Introduction to Semantic Segmentation
Computer vision algorithms aim to extract vital information from images and videos. One such task is semantic segmentation which provides granular information about various entities in an image. Before moving forward, let’s briefly walk through image segmentation in general.
What is Image Segmentation?
Image segmentation models allow machines to understand visual information from images. These models are trained to produce segmentation masks for the recognition and localization of different entities present in images. These models work similarly to object detection models, but image segmentation identifies objects on a pixel level instead of drawing bounding boxes.
There are three sub-categories for image segmentation tasks
Semantic segmentation classifies all related pixels to a single cluster without regard for independent entities. Instance segmentation identifies ‘discrete’ items such as cars and people but provides no information for continuous items such as the sky or a long grass field. Panoptic segmentation combines these two algorithms to present a unified picture of discrete objects and background entities.
This article will explain semantic segmentation in detail and explore its various implementations and use cases.
Understanding Semantic Segmentation
Semantic segmentation models borrow the concept of image classification models and improve upon them. Instead of labeling entire images, the segmentation model labels each pixel to a pre-defined class. All pixels associated with the same class are grouped together to create a segmentation mask. Working on a granular level, these models can accurately classify objects and draw precise boundaries for localization.
A semantic model takes an input image and passes it through a complex neural network architecture. The output is a colorized feature map of the image, with each pixel color representing a different class label for various objects. These spatial features allow computers to distinguish between the items, separate focus objects from the background, and allow robotic automation of tasks.
Datasets for a segmentation problem consist of pixel values representing masks for different objects and their corresponding class labels. Compared to other machine learning problems, segmentation datasets are usually more extensive and complex.
They consist of tens of different classes and thousands of annotations for each class. The many labels improve diversity within the dataset and help the model learn better . Having diverse data is important for segmentation models since they are sensitive to object shape, color, and orientation.
Popular segmentation datasets include:
- Pascal Visual Object Classes (VOC): The dataset was used as a benchmark in the Pascal VOC challenge until 2012. It contains annotations that include object classes, bounding boxes for detection, and segmentation maps. The last iteration of the data, Pascal VOC 2012, included a total of 11,540 images with annotations for 20 different object classes.
- MS COCO: COCO is a popular computer vision dataset that contains over 330,000 images with annotations for various tasks, including object detection, semantic segmentation, and image captioning.

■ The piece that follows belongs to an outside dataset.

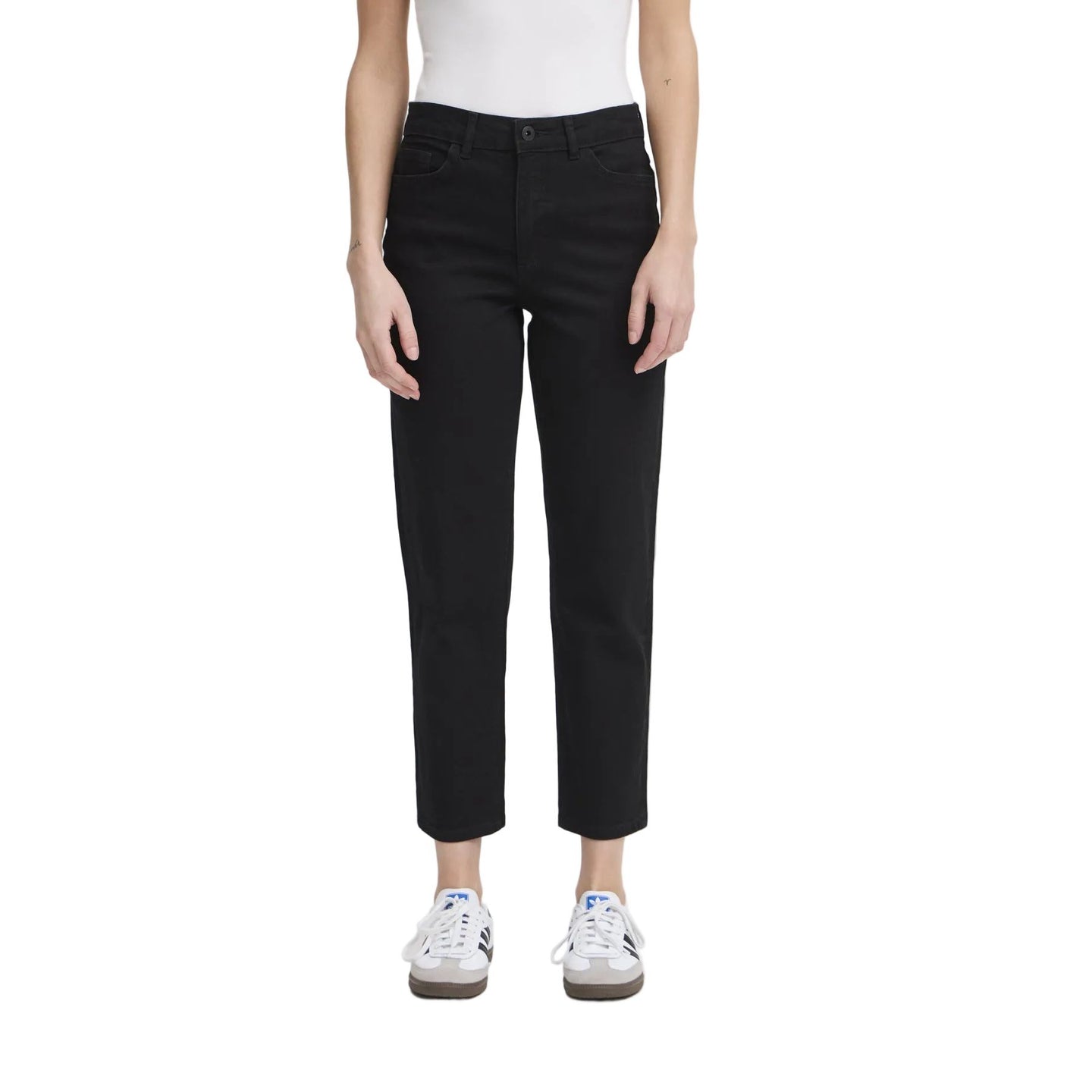 Ichi Womens Jeans Twiggy Raven Black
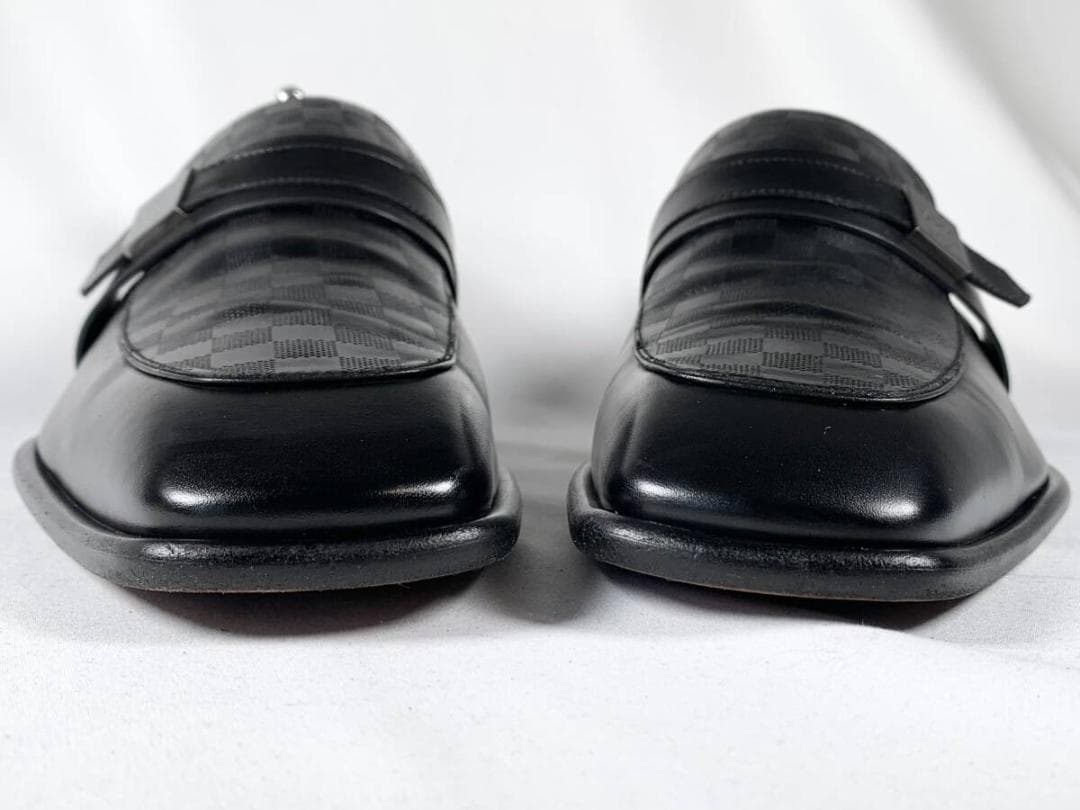 正規 美 ルイヴィトン ダミエ ローファー ビジネスシューズ 革靴 81|227.5cm・LOUIS VUITTON MEDICALDB_JP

The ground truths comprise 80 object categories and up to 5 written descriptions for each image.
Cityscapes: The Cityscapes dataset specializes in segmenting urban city scenes. It comprises 5,000 finely segmented real-world images and 20,000 coarse annotations with rough polygonal boundaries. The dataset contains 30 class labels captured in diverse conditions, such as different weather conditions across several months.
Moreover, a well-trained segmentation model requires a complex architecture. Let’s take a look at how these models work under the hood.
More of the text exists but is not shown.